Ambas as práticas do citytainment, a Imagineering e a imitação da centralidade urbana, prepararam para a ascensão do movimento conhecido como Novo Urbanismo. Este movimento pode ser considerado como uma resposta nova e atual ao movimento city beautiful. Ele já influenciou o planejamento urbano nos Estados Unidos e, a levar pela velha e comprovada trajetória da ‘travessia transatlântica’ reversa, influenciou também as políticas da recentralização do Reino Unido (ver, por exemplo, os notáveis resultados da revitalização do centro antigo da cidade de Manchester durantes os últimos dez anos).
Para entendermos corretamente e avaliarmos o impacto estrutural do fordismo, foi necessário fixar as suas características de produção espacial no extenso contexto sócio-cultural da industrialização intensiva. O mesmo é adequado ao citytainment. Essas práticas de imitação de qualidades urbanas têm que ser relacionadas à nova camada da industrialização flexível, isto é, à emergência da sociedade pós-industrial (pós-fordista). Na sociologia existem inúmeros termos para caracterizar este período: sociedade do conhecimento, sociedade dos serviços, e etc. Todas estas categorias enfatizam alguns aspectos da nova camada societária. O mesmo acontece com “sociedade dos eventos” (em alemão: Erlebnisgesellschaft). Esta categoria proporciona um útil contexto estrutural para o fenômeno do citytainment.
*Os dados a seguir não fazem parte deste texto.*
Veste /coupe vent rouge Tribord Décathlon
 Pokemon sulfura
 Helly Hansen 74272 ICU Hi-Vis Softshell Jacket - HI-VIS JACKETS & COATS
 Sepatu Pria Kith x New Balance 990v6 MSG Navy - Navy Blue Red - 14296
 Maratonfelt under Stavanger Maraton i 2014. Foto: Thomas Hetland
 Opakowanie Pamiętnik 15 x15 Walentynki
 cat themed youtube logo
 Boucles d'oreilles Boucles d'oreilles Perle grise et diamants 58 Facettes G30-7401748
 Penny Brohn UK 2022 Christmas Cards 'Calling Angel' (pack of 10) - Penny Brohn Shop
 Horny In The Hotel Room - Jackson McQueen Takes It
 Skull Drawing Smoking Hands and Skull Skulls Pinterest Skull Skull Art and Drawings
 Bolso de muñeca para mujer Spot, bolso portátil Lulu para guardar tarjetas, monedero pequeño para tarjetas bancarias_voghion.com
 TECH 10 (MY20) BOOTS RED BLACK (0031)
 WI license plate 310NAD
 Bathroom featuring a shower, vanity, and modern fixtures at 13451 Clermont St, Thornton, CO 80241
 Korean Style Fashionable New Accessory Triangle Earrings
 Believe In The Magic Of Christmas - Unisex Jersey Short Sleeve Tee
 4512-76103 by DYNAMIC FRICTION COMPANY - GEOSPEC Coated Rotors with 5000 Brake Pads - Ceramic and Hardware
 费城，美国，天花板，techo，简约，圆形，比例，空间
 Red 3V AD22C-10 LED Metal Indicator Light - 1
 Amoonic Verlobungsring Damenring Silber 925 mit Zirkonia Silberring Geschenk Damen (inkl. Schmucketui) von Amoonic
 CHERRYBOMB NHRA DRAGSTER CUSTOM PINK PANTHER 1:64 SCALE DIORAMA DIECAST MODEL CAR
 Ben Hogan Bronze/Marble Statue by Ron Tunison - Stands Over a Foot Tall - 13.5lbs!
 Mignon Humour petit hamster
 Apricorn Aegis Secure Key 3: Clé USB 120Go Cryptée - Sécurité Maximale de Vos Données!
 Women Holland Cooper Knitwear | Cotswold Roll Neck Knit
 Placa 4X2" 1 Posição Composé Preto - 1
O modelo da sociedade dos eventos cita, inter alias, as seguintes características gerais: produção de pequenas séries baseadas em IT, flexitime (tempo flexível), isto é, pagamento por hora de trabalho, períodos flexíveis de trabalho; privatização (desregulação) dos serviços públicos; gerenciamento de recursos humanos (por exemplo, descentralização de responsabilidades, hierarquias horizontais, etc.) e estetização, isto é, o renascimento da imagem e do mito (discutida muito freqüentemente no contexto do estilo pós-moderno).